[ENTRIES SUPPLIED]

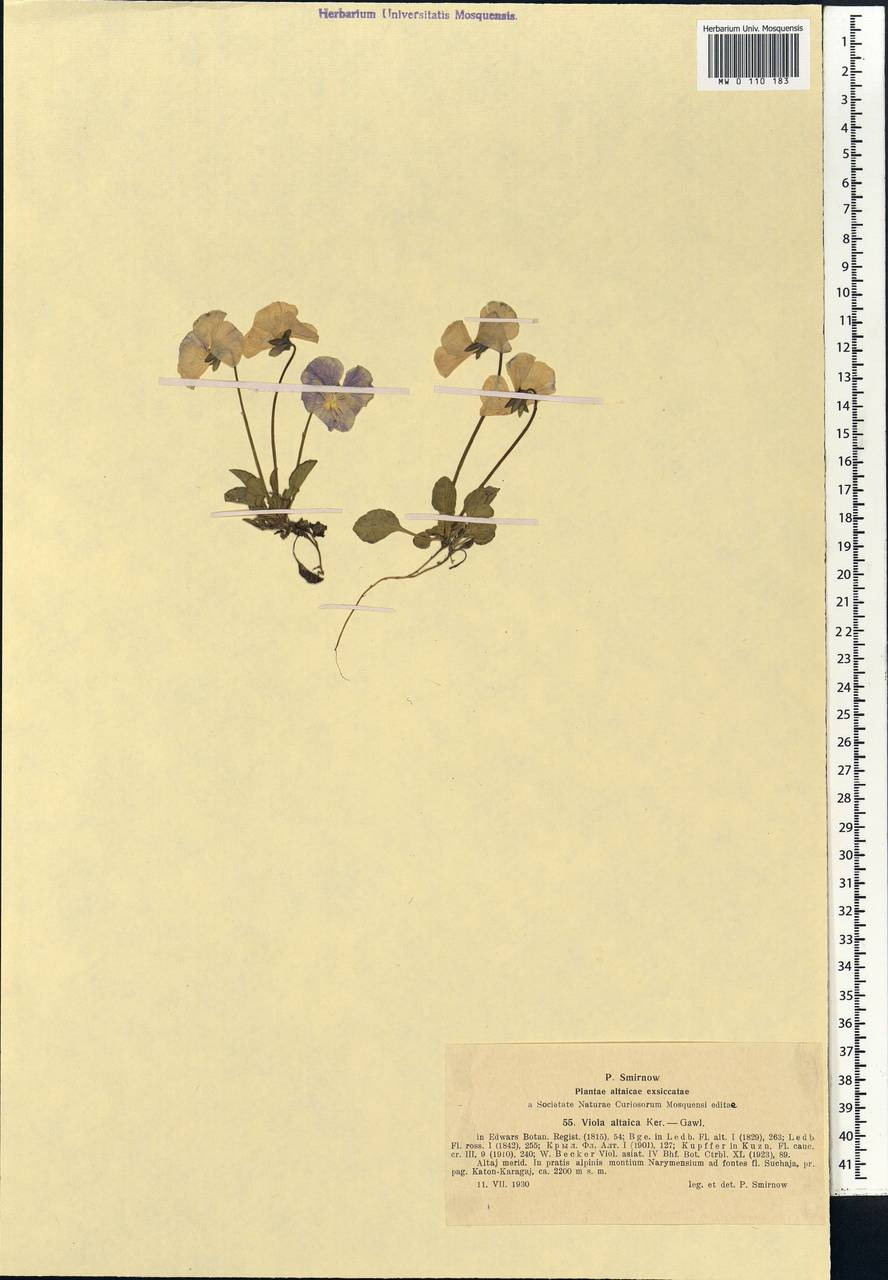 Viola altaica Ker Gawl., Siberia, Western (Kazakhstan) Altai Mountains (S2a) (Kazakhstan)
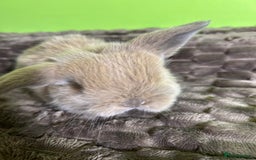 Mini Lop rabbits for sale: Pure breed mini lops  - Image 22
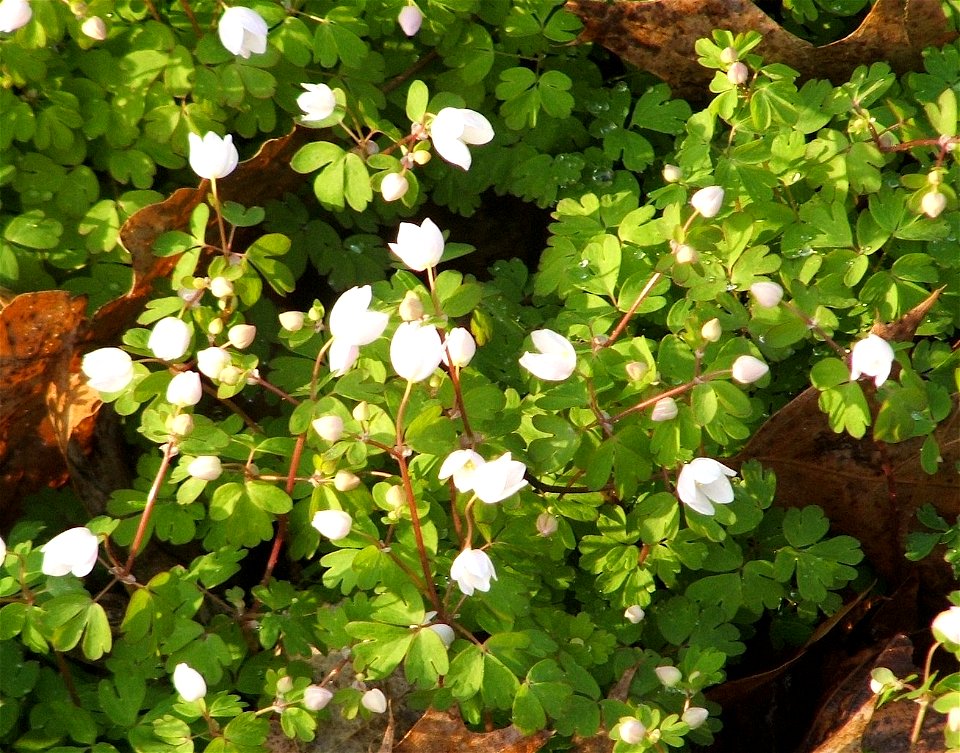 Sunlit false rue-anemone (Enemion biternatum) in Iowa.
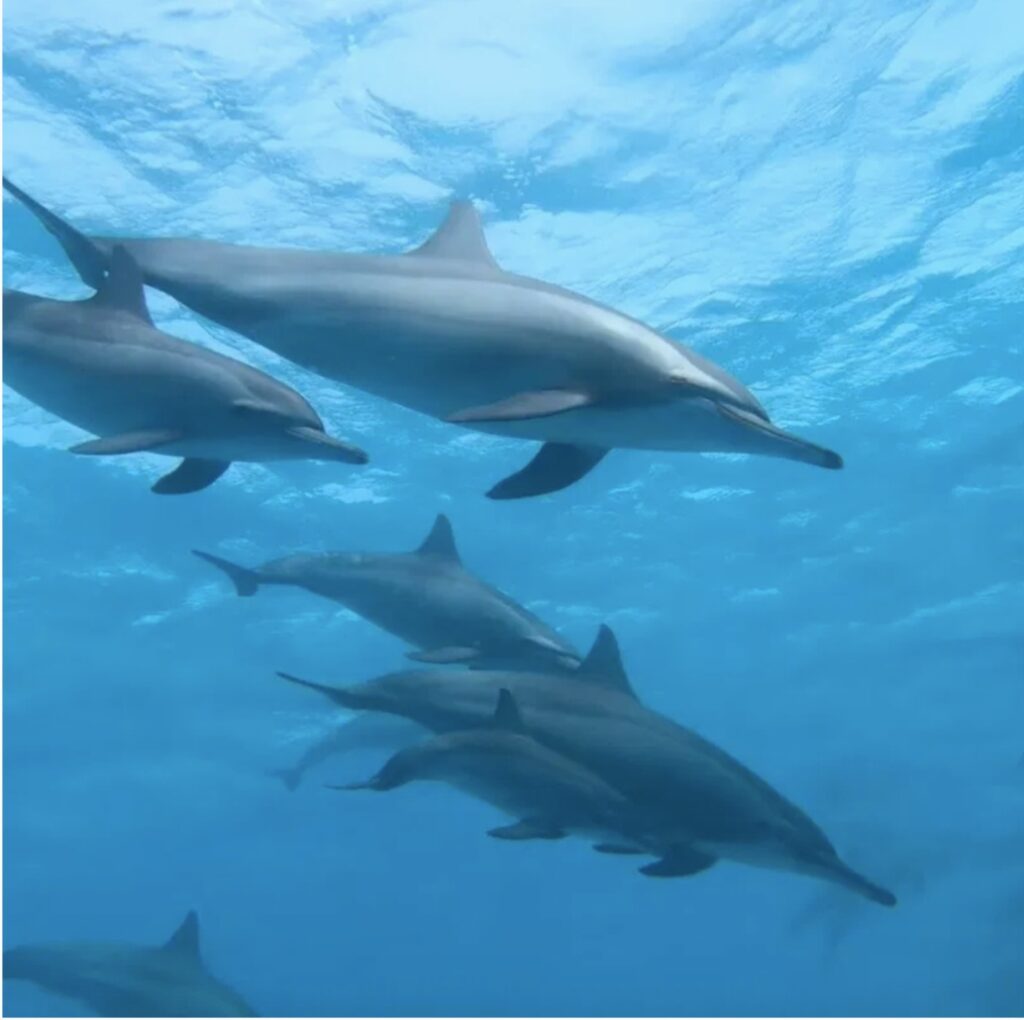 Les dauphins de Sataya, en mer Rouge, Égypte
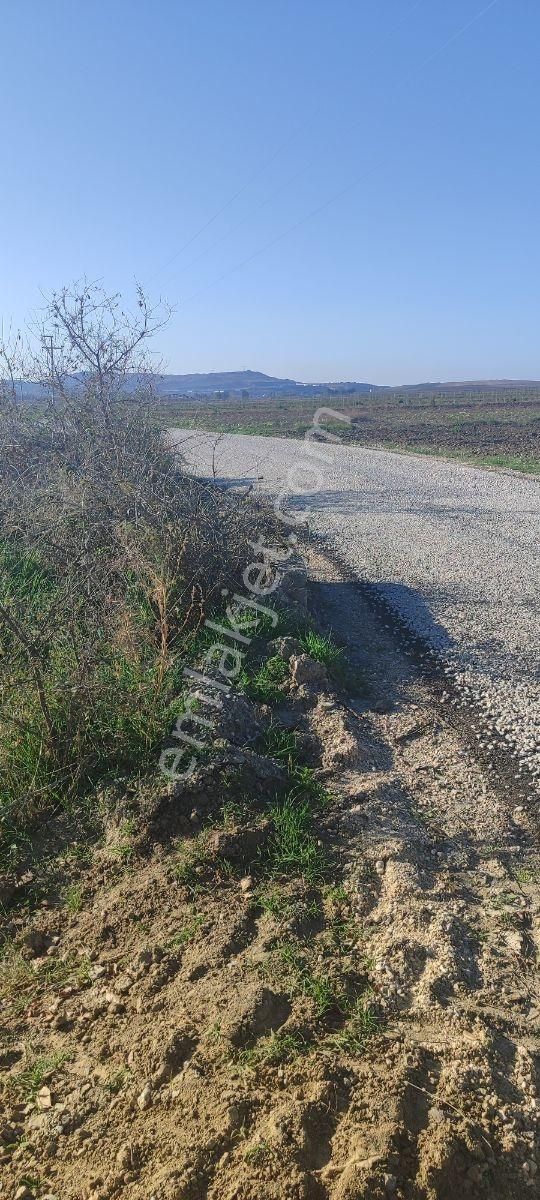 Serbest Bölgeye Yeni Enerji Sahasına Sıfır Çift Tarafı Yol Tarla - Görsel 7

[/ENTRIES SUPPLIED]

EXERCISE DETAILS: Copy out only the lines from the one containing "Sunlit false rue-anemone" to the end of the entries, unchanged. Drop the pictures.

TASK RESPONSE:
 Sunlit false rue-anemone (Enemion biternatum) in Iowa.
 Les dauphins de Sataya, en mer Rouge, Égypte
 Serbest Bölgeye Yeni Enerji Sahasına Sıfır Çift Tarafı Yol Tarla - Görsel 7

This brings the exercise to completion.